A primary school teacher who turned up to school drunk, insisting that she wanted to look after her pupils despite slurring her words and being unsteady on her feet, has been allowed to carry on teaching.
But Margaret Kneen will have to submit consultants' reports on her alcohol dependency to England's General Teaching Council and tell schools she is subject to a five-year conditional registration order.
The GTC ruled that she was drunk when she went to Holy Cross primary in Hucknall, Nottingham, on March 13, 2003, and that she had alcohol in her bag on the same occasion.
The hearing in Birmingham heard that Mrs Kneen, now working as a supply teacher in Nottingham, did not drink at the Roman Catholic primary during school hours.
The committee heard that Year 1 pupils returned from playtime and saw Mrs Kneen clutching on to furniture after drinking two alcopops and a gin and tonic earlier on the morning of March 13, 2003.
The temporary teacher repeated herself in slurred speech as she tried to explain something to the children before they were ushered into other classrooms so colleagues could attempt to sober her up.
Pat Snowdon, headteacher, said: "She seemed to be in a state that could only be described as obvious and serious intoxication. I regarded Mrs Kneen's intoxication to be very high as she smelt very strongly of alcohol.
Her pupils were dilated and she was slurring her speech."
Mrs Kneen was eventually persuaded to move to the staffroom but failed to sober up despite drinking several cups of coffee and having a bowl of soup.
A search of the area revealed no empty cans or bottles, but Kate Turner, a senior teacher, said she saw an unopened can of gin and tonic in Mrs Kneen's unattended bag, which could have been discovered by pupils.

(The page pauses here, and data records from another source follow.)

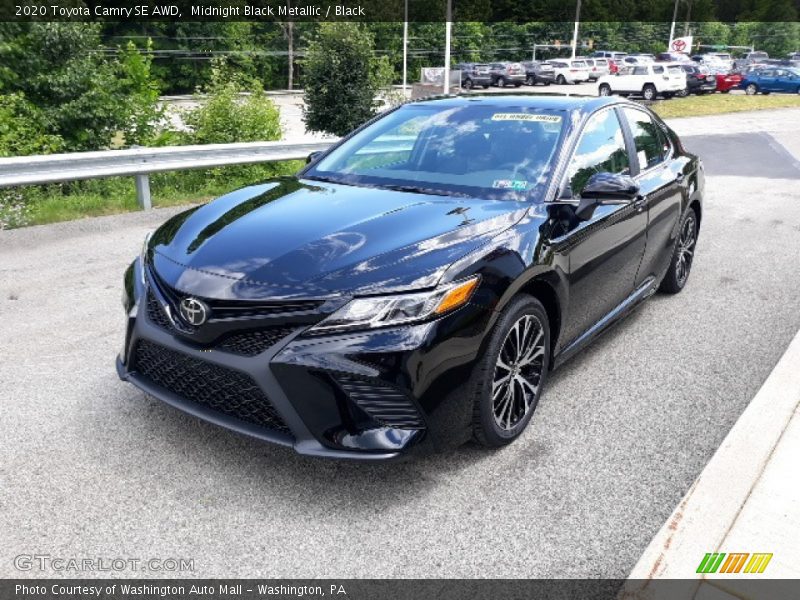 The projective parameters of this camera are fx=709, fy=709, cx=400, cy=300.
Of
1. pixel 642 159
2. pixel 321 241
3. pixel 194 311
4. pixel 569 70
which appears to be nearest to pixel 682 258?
pixel 642 159

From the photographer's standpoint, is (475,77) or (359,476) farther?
(475,77)

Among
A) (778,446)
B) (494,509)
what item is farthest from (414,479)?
→ (778,446)

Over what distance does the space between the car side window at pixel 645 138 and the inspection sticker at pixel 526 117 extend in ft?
3.00

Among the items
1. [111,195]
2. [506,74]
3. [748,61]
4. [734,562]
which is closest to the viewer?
[734,562]

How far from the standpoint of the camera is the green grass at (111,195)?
314 inches

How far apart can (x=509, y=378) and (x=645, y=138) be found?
255cm

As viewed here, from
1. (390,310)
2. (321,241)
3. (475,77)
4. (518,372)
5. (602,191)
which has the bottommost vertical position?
(475,77)

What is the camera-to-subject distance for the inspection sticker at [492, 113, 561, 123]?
162 inches

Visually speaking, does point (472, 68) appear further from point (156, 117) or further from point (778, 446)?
point (778, 446)

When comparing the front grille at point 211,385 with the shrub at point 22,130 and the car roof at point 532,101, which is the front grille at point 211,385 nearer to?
the car roof at point 532,101

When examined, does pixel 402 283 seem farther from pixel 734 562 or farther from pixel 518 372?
pixel 734 562

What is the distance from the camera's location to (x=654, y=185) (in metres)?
4.84

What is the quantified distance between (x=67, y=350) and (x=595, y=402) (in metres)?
3.25

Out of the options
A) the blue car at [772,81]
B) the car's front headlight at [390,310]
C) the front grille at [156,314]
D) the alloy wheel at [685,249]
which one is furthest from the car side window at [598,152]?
the blue car at [772,81] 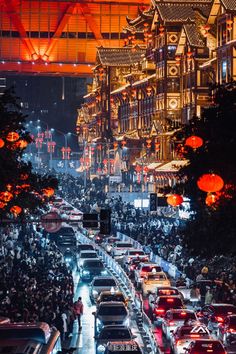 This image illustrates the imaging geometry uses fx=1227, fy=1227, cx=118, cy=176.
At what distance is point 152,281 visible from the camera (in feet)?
168

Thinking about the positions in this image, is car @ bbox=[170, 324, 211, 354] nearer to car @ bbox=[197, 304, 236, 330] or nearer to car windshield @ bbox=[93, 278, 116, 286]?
car @ bbox=[197, 304, 236, 330]

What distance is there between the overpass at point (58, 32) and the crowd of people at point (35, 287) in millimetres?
93270

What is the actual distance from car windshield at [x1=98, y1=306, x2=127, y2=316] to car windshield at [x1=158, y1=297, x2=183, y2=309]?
3.25 m

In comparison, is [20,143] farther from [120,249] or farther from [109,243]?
[109,243]

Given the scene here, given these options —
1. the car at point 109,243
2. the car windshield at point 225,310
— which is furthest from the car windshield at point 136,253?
the car windshield at point 225,310

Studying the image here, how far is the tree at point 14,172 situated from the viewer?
44.2m

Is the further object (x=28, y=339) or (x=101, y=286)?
(x=101, y=286)

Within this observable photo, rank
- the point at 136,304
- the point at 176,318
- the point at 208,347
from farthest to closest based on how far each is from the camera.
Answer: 1. the point at 136,304
2. the point at 176,318
3. the point at 208,347

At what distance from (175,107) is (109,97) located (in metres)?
48.4

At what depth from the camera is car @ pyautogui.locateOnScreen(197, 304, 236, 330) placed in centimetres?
3706

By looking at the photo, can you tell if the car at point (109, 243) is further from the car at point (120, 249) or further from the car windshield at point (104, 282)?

Mrs Kneen, who was present at the GTC hearing, was suspended the day after the incident and resigned on June 13, five months after starting at Holy Cross.
Nigel Turner, her representative, said Mrs Kneen admitted having a few drinks prior to seeing a stress counsellor before going into school.
He said the can of gin and tonic in her bag was empty as she had drunk it before the appointment, but that she did not drink any more alcohol when she got to school.
Mr Turner said Mrs Kneen had been visiting psychiatrists and alcohol support groups at the time for help with her drinking problem which had been brought on by personal problems. She is still having counselling.
"There had been no incidents since her teaching career began in 1973 and she only made this one mistake," he said.